[GIVEN MATERIAL]:
•••

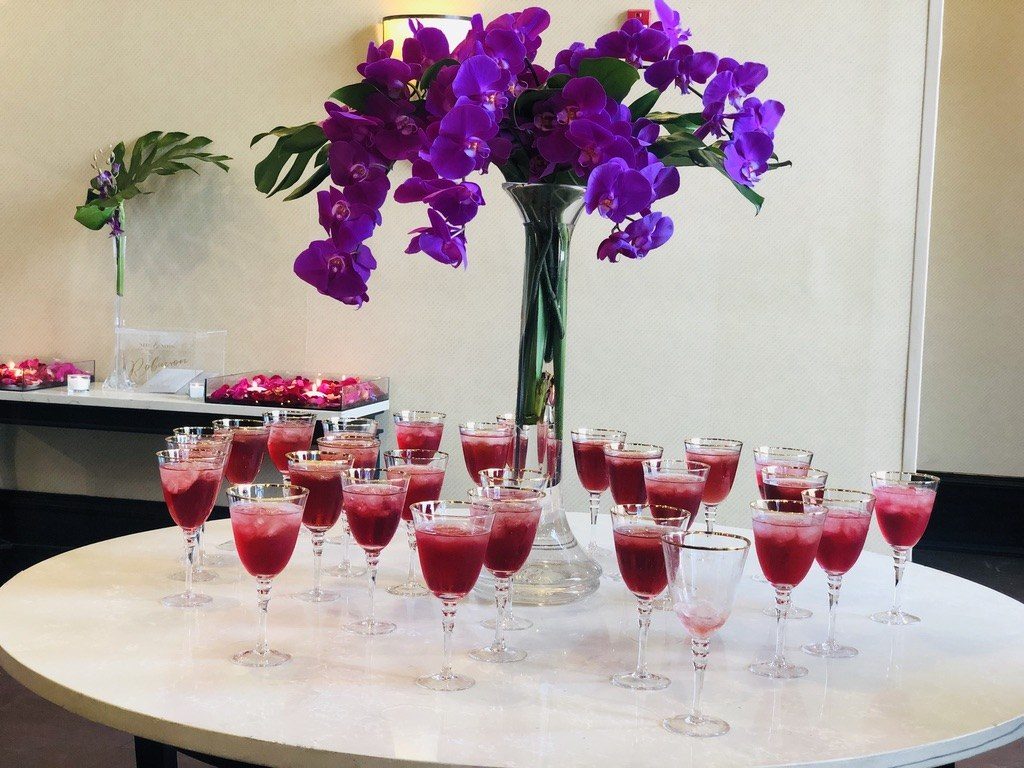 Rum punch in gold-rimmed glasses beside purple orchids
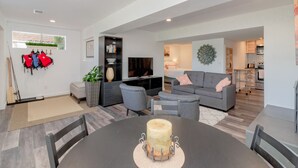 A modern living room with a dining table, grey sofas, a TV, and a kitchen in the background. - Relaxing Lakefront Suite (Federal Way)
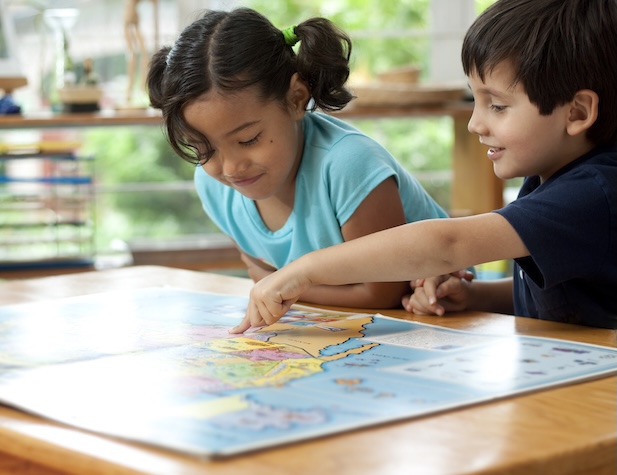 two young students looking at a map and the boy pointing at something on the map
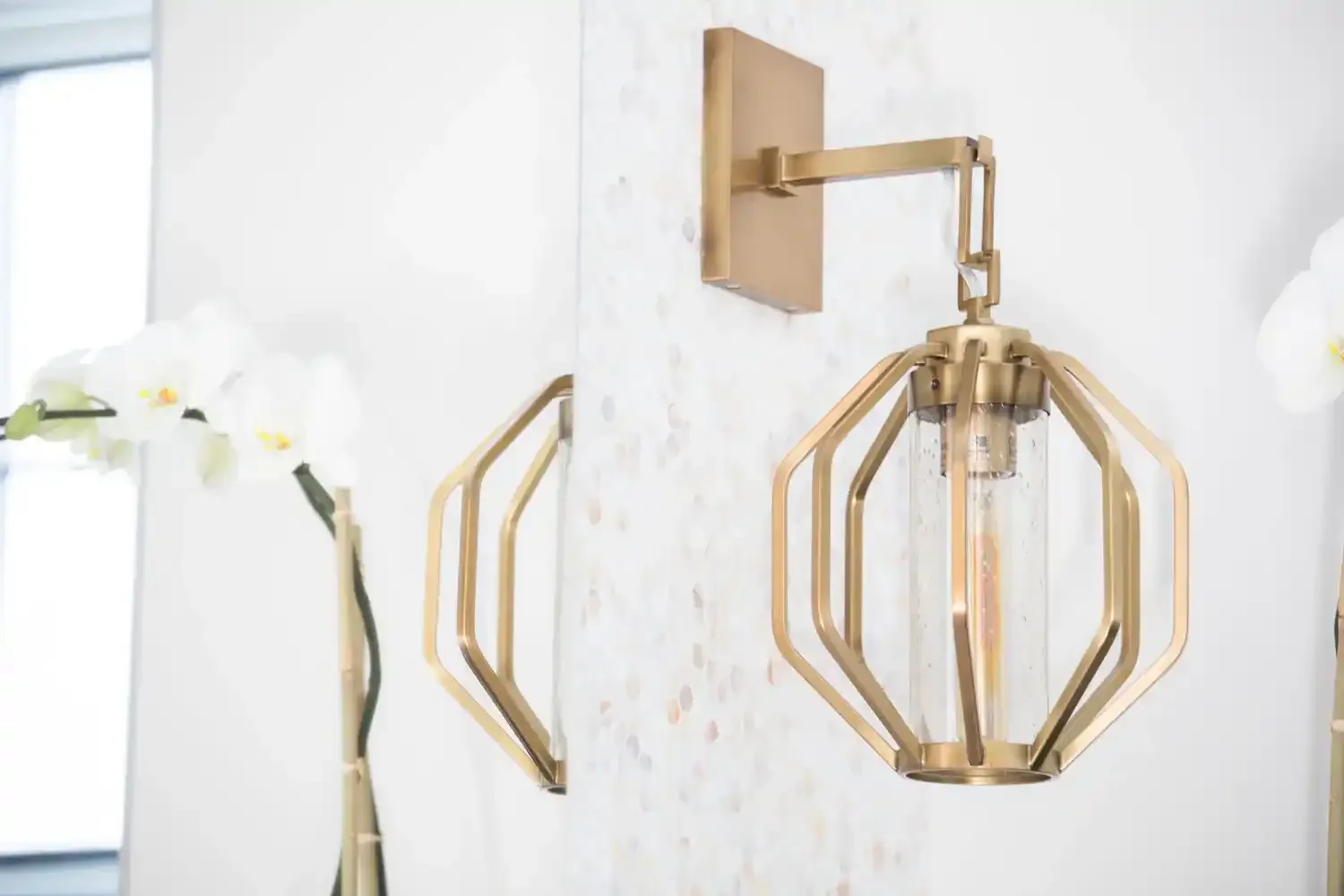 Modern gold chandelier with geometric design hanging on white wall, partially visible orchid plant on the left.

•••

Would you reproduce the lines above exactly, without carrying over the pictures?

 Rum punch in gold-rimmed glasses beside purple orchids
 A modern living room with a dining table, grey sofas, a TV, and a kitchen in the background. - Relaxing Lakefront Suite (Federal Way)
 two young students looking at a map and the boy pointing at something on the map
 Modern gold chandelier with geometric design hanging on white wall, partially visible orchid plant on the left.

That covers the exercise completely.